> _DATASET EXCERPTS_
►
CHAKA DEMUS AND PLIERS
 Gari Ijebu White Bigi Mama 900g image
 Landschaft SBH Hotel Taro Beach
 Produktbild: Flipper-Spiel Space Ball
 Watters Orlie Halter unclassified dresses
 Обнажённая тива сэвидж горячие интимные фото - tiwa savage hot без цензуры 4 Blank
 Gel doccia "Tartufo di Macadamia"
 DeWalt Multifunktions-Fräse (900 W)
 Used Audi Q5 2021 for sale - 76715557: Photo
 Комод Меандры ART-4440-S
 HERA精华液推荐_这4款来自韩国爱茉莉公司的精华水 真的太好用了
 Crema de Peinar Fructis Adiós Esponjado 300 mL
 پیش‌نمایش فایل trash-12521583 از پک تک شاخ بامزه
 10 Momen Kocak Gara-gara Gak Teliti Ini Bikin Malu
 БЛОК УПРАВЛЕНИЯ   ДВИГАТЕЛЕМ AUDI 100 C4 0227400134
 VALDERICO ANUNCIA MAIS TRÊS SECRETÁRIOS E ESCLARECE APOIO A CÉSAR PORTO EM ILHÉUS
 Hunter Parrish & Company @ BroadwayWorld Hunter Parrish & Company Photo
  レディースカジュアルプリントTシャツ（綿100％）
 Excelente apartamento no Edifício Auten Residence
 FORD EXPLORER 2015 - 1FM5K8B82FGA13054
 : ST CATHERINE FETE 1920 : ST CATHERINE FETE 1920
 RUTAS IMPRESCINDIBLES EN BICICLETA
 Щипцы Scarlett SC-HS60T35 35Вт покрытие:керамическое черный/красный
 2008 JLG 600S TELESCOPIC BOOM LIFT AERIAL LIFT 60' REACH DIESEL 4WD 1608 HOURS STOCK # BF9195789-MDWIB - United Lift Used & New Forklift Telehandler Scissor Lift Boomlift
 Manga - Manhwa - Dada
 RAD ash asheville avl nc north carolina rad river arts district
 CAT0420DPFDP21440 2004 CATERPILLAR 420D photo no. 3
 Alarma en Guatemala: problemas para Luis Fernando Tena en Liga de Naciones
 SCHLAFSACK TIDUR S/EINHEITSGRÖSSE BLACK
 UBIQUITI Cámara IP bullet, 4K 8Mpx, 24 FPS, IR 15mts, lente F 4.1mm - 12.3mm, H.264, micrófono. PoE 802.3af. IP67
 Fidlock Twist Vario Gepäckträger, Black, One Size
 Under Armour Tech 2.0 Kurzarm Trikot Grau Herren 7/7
◄
Would you retype exactly the lines above, from the line with "Hunter Parrish & Company @" to the line with "RAD ash asheville", with both end lines kept and nothing more?

 Hunter Parrish & Company @ BroadwayWorld Hunter Parrish & Company Photo
  レディースカジュアルプリントTシャツ（綿100％）
 Excelente apartamento no Edifício Auten Residence
 FORD EXPLORER 2015 - 1FM5K8B82FGA13054
 : ST CATHERINE FETE 1920 : ST CATHERINE FETE 1920
 RUTAS IMPRESCINDIBLES EN BICICLETA
 Щипцы Scarlett SC-HS60T35 35Вт покрытие:керамическое черный/красный
 2008 JLG 600S TELESCOPIC BOOM LIFT AERIAL LIFT 60' REACH DIESEL 4WD 1608 HOURS STOCK # BF9195789-MDWIB - United Lift Used & New Forklift Telehandler Scissor Lift Boomlift
 Manga - Manhwa - Dada
 RAD ash asheville avl nc north carolina rad river arts district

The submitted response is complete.